Give back the data below word for word. Any image in it should be left out.

--- Material provided ---
--*--

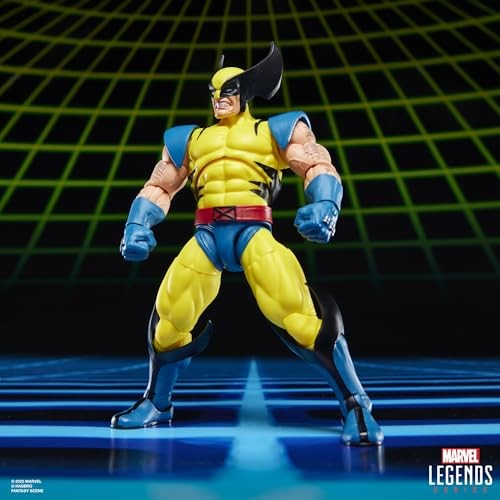 Marvel Legends Series Gamerverse Wolverine 6'', Vs Silver Samurai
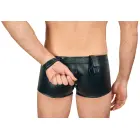 Svenjoyment Bondage vīriešu bikses – melnas – S Foto 2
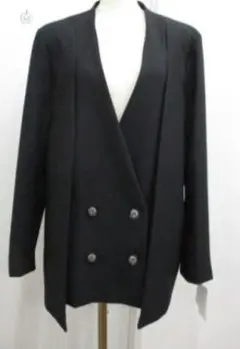 れな様専用★Risley★ノーカラー2way配色ジャケット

--*--

--- Response to this task ---
 Marvel Legends Series Gamerverse Wolverine 6'', Vs Silver Samurai
 Svenjoyment Bondage vīriešu bikses – melnas – S Foto 2
 れな様専用★Risley★ノーカラー2way配色ジャケット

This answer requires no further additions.